« Le MMM et sa presse refusent d’accepter leur défaite » 

Interview : Patrick Assirvaden

* « La presse locale est à l’affût des situations de conflits éventuels entre ministres… c’est un jeu politique auquel nous sommes habitués

* « Il est évident que, si les IPP ne reviennent pas à de meilleurs sentiments, nous aurons certainement un plan B »


Energie verte, énergie propre, énergie pour un environnement salubre et réalités des besoins énergétiques croissants d’un pays… Comment penser autrement et développer des alternatives dans le cadre du MID ? Quelle est l’importance de la planification dans ce secteur pour notre pays ? Quelles sont les réalités mauriciennes en termes de l’offre et de la demande ? Patrick Assirvaden nous en parle… 

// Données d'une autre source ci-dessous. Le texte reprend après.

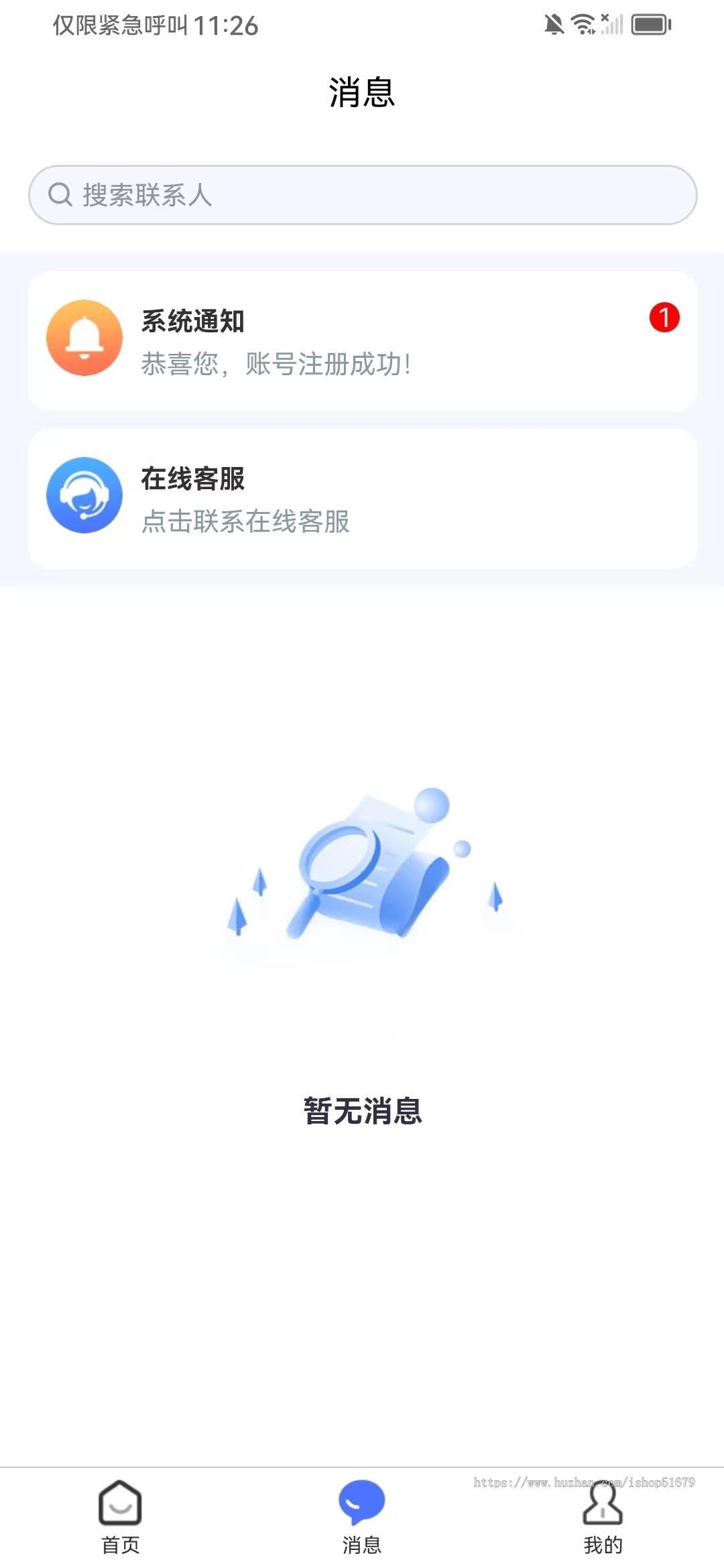 租房系统源码 小程序+app+h5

Mauritius Times : On affirme que même si vous n’êtes plus présent au Central Electricity Board, vous êtes toujours impliqué dans le secteur énergétique. Dites-nous donc: où en est-on avec le dossier concernant les Independent Power Producers (IPPs) et la révision de ces «contrats-béton»?

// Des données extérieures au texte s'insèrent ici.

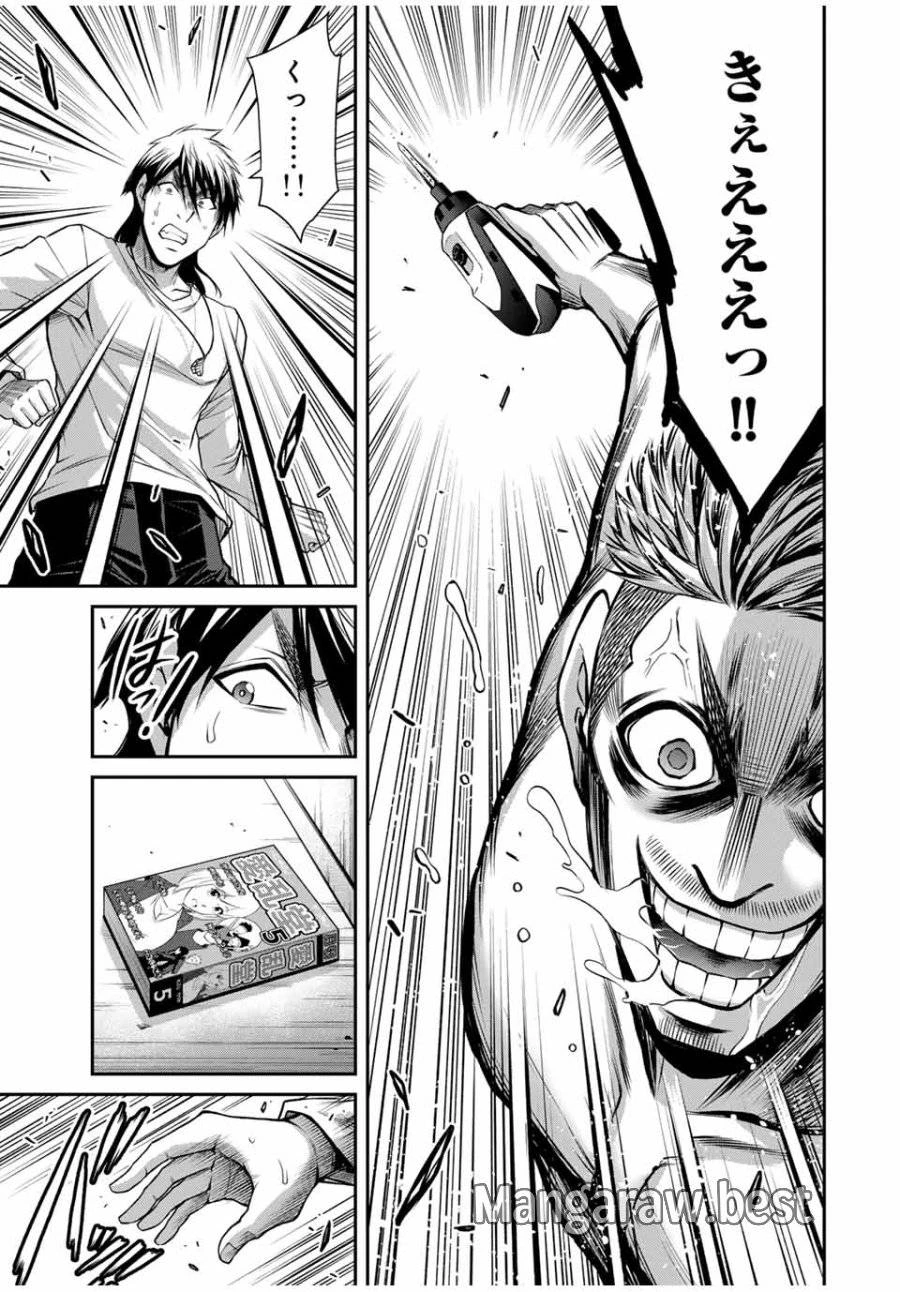 ギルティサークル 第182話 - 5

Patrick Assirvaden : Impliqué n’est pas vraiment le mot – un observateur attentif, passionné certes, mais vu que je fus le Président du CEB pendant cinq ans, c’est normal qu’on me sollicite pour avoir mon opinion sur ce sujet très important et délicat pour le pays. Quitte à me répéter pour la énième fois, je crois que l’île Maurice entière est consciente que les contrats, signés dans le passé, n’ont pas été équitables surtout pour la population.

Les consultants engagés d’un commun accord entre le gouvernement et les IPP pour trancher à propos de la question ont effectué un travail exhaustif et ont conclu que nos arguments étaient justes. Ils ont démontré que les profits des IPP étaient démesurés par rapport aux risques encourus dans de tels investissements, et ce, au détriment des consommateurs qui doivent aujourd’hui en faire les frais à travers leurs factures d’électricité. Ça, c’est un fait.

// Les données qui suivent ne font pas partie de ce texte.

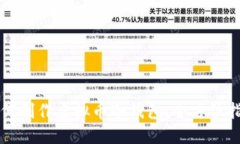 如何制作虚拟币冷钱包：全方位指南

Il est un fait aussi que tout ce qui est légal n’est pas forcément moral et c’est dans ce contexte que le gouvernement a souhaité une révision des termes de ces contrats pour rétablir un juste équilibre. Nous sommes toujours dans l’attente d’une position officielle des IPP bien que leur réaction première a été plutôt négative, me semble-t-il. Ils essayent, je dis bien essayent, de changer les règles du jeu.

J’espère que le temps portera conseil et je salue au passage l’extraordinaire patience et implication de notre Premier ministre, qui je le sais, suit personnellement ce dossier, ayant à cœur l’intérêt de la nation.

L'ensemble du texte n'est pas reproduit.